Incredibly, one of the best takes came from a UKIP MEP:
Brexit, Saudi, fixed odds machines – in all these cases Govt policy response heavily influenced/altered by corporate interests. Is the Conservative Party capable of standing up for the people once powerful vested interests are brought to bear?
— Patrick O'Flynn (@oflynnmep) November 1, 2018
SNP MP Kirsty Blackman called out the flimsy excuse given for the delay:
UK Government: there’s not enough time for businesses to prepare for fixed odds betting terminals stakes reduction by April
Errr, but they think businesses can prepare for Brexit by April?! #Shambles
— Kirsty Blackman (@KirstySNP) November 1, 2018
And the Sun’s political editor said it was all about the money:
Tracey Crouch's resignation letter. Why did May/Hammond refuse her FOBT ultimatum? Because introducing a £2 max stake 6 months earlier would have cost HMT £120million. That's DUP-level prices. https://t.co/PtwpFEQ5eD
— Tom Newton Dunn (@tnewtondunn) November 1, 2018
Dan Bloom from the Mirror pointed out the absurdity of May’s denial:
It's still sinking in that Theresa May has denied a policy is being delayed, while responding to the minister responsible for the policy, who has resigned for no other reason than the policy being delayed. Kinda makes 'Nothing has changed' look tame
— Dan Bloom (@danbloom1) November 1, 2018
Gamblers lobbying Westminster
The power of the gambling lobby in Westminster is openly admitted. Conservative MP Sarah Wollaston said:
The Chancellor would have had more credibility reducing the tragedy of lives lost to suicide if he had not delayed action on #FOBT today. The power of the industry lobbying at Westminster is sickening
— Sarah Wollaston MP (@sarahwollaston) October 29, 2018
And as reported, betting companies give more in hospitality and gifts to MPs than any other industry.

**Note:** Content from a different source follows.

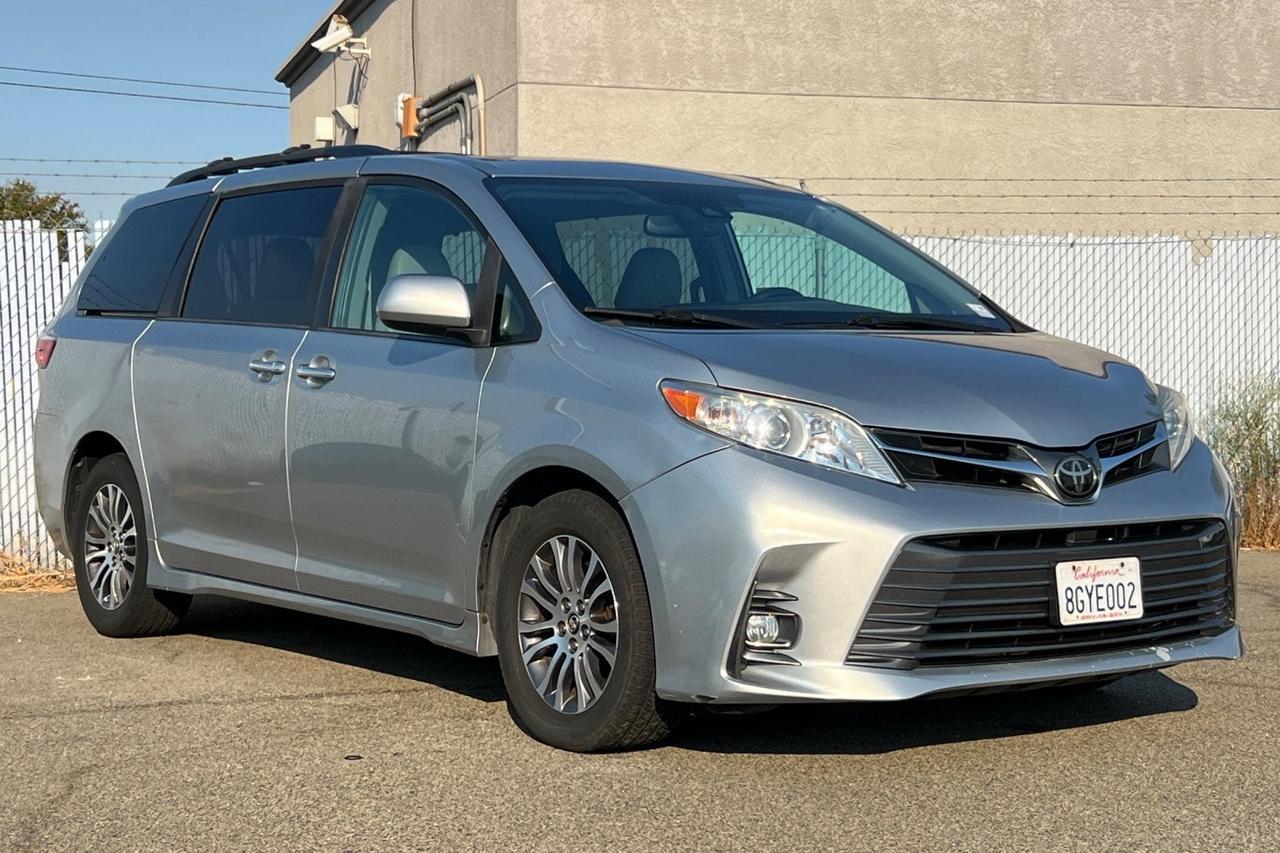 2019 Toyota Sienna XLE Roseville CA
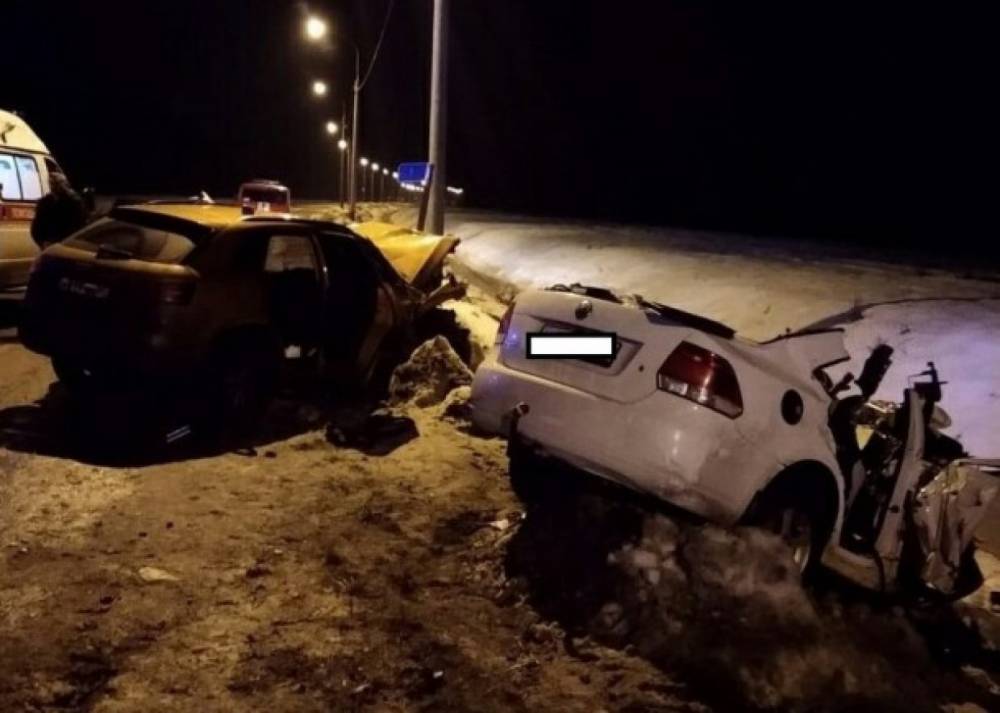 Ухтинец за рулем иномарки спровоцировал смертельную аварию на трассе в Архангельской области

As spokesperson for the Campaign for Fairer Gambling Matt Zarb-Cousin warned in 2017, such hospitality was motivated by “desperate” attempts to keep FOBTs stakes at £100 per ‘spin’.
The lobby famously paid to dine with former PM, David Cameron, assured by a former Tory co-treasurer that donors could influence policy.
Gambling away our democracy
Once again democracy seems to have been hijacked by lobbyists. Greed, and the subtle blackmail of suggested job losses if regulation is quickly implemented, has driven the government to put betting companies’ interests over lives.
It’s not often we say it, but well done that Tory MP.